Yesterday I blogged that OPM ("Other People's Money") and IBG ("I'll Be Gone") were meta-reasons for the financial crisis. Of course that didn't quite square with part of the accepted storyline of the collapse: namely, as Bebchuk notes, "according to the standard narrative, the meltdown of Bear Stearns and Lehman Brothers largely wiped out the wealth of their top executives."
In which case, IBG thinking ("I'll Be Gone when this stinker of a product/strategy blows sky high") would have afflicted the junior traders, but not the senior leaders, it would appear. And, accordingly, one would expect a furious flurry of pay reform taking place now as angry CEOs, their wallets and their stock portfolios scorched once, vow to never let such an orgy of risk-taking ever occur again.
Except ... except ... the top brass apparently made out like bandits too. They were IBG beneficiaries, if not quite direct practitioners. From Bebchuk:
In 2000-07, the top five executives at Bear and Lehman pocketed cash bonuses exceeding $300m and $150m respectively (adjusted to 2009 dollars).

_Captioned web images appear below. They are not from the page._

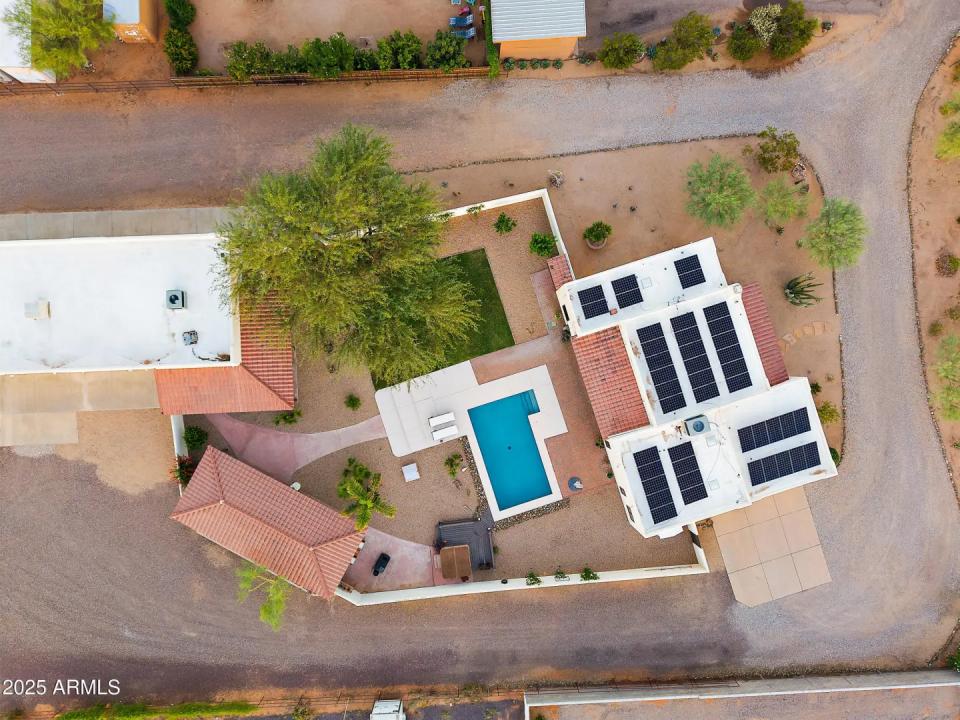 Real Estate Picture 52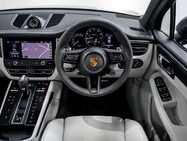 Porsche Macan 2.0T T SUV 5dr Petrol PDK 4WD Euro 6 (s/s) (265 ps) 30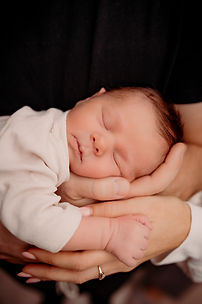 Newborn, sleeping baby, family photo, new baby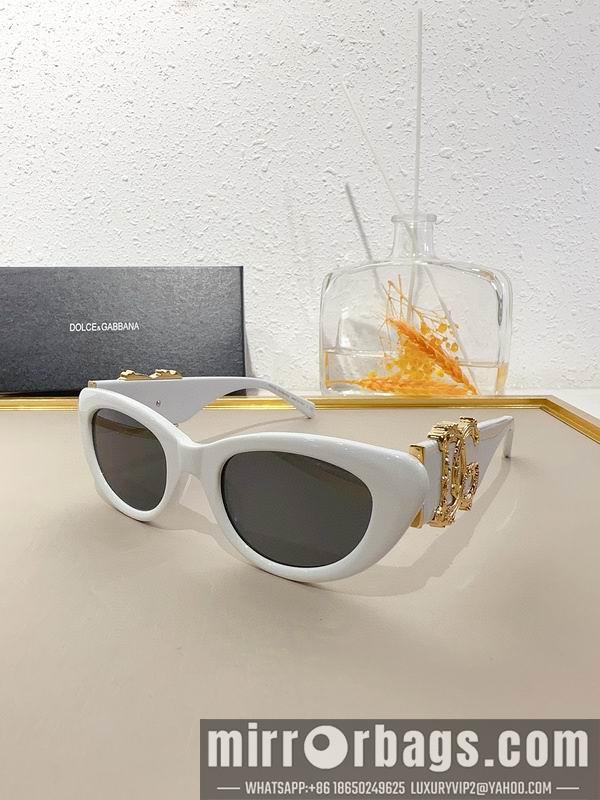 DG Glasses 010205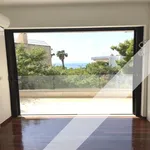 Rent 3 bedroom apartment of 156 m² in Παλαιό Φάληρο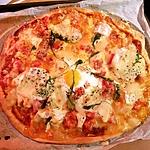 recette Pizza au poulet chèvre et camembert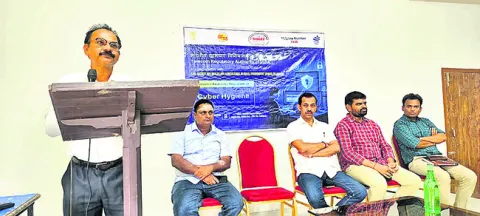 సైబర్‌ నేరాలపై అవగాహన ఉండాలి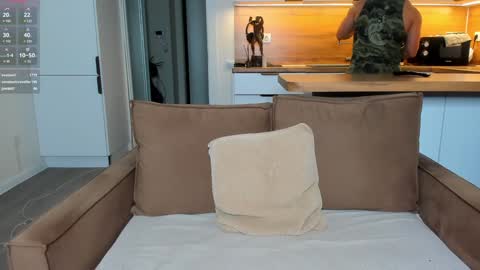 michaelbradley_for_u online show from December 3, 2024, 7:10 am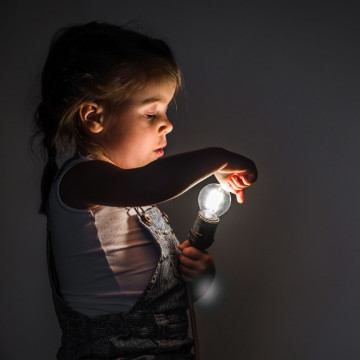 Спрашивали? Отвечаем: почему ребенок стал бояться спать в темноте?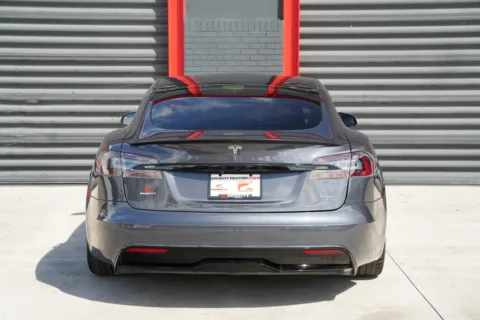 More photos of 2022 Tesla Model S Plaid at Gravity Autos Hollywood, FL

Although the financial results on which bonus payments were based were sharply reversed in 2008, pay arrangements allowed executives to keep past bonuses.So you have those traders practicing IBG, and those supervising them who are incentivized to turn a blind eye to IBG.
Which leads us to the number of the day.
Chances of Wall Street spontaneously reforming compensation practices: approximately 0.